■ **Records for this exercise**
*** Begin section ***
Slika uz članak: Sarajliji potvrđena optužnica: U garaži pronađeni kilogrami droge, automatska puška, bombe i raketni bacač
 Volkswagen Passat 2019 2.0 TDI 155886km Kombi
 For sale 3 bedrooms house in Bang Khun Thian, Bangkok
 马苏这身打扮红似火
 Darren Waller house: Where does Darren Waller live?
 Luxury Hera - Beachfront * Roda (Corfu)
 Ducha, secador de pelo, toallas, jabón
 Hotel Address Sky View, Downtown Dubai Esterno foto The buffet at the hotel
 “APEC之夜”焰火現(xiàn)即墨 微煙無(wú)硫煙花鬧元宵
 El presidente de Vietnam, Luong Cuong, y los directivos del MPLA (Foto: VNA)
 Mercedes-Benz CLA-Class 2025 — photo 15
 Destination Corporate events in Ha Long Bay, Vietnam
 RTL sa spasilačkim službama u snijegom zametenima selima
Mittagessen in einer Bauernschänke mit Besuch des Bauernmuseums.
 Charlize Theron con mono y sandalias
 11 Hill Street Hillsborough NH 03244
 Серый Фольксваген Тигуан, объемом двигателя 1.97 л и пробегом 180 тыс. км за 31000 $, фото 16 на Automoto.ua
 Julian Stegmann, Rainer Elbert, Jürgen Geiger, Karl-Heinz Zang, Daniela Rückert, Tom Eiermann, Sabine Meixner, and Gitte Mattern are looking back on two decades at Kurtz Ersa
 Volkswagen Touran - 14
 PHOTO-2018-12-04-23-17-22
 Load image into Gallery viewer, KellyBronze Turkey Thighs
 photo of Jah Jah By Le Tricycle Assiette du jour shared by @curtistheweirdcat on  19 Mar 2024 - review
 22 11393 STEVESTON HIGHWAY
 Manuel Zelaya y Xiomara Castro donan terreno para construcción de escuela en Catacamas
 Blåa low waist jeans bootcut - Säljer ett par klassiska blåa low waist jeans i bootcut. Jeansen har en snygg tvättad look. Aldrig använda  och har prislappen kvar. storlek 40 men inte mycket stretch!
*** End section ***
■ **Work instructions**
Repeat the material word for word from its opening line up to and including the line containing "RTL sa spasilačkim".

■ **Output for this exercise**
Slika uz članak: Sarajliji potvrđena optužnica: U garaži pronađeni kilogrami droge, automatska puška, bombe i raketni bacač
 Volkswagen Passat 2019 2.0 TDI 155886km Kombi
 For sale 3 bedrooms house in Bang Khun Thian, Bangkok
 马苏这身打扮红似火
 Darren Waller house: Where does Darren Waller live?
 Luxury Hera - Beachfront * Roda (Corfu)
 Ducha, secador de pelo, toallas, jabón
 Hotel Address Sky View, Downtown Dubai Esterno foto The buffet at the hotel
 “APEC之夜”焰火現(xiàn)即墨 微煙無(wú)硫煙花鬧元宵
 El presidente de Vietnam, Luong Cuong, y los directivos del MPLA (Foto: VNA)
 Mercedes-Benz CLA-Class 2025 — photo 15
 Destination Corporate events in Ha Long Bay, Vietnam
 RTL sa spasilačkim službama u snijegom zametenima selima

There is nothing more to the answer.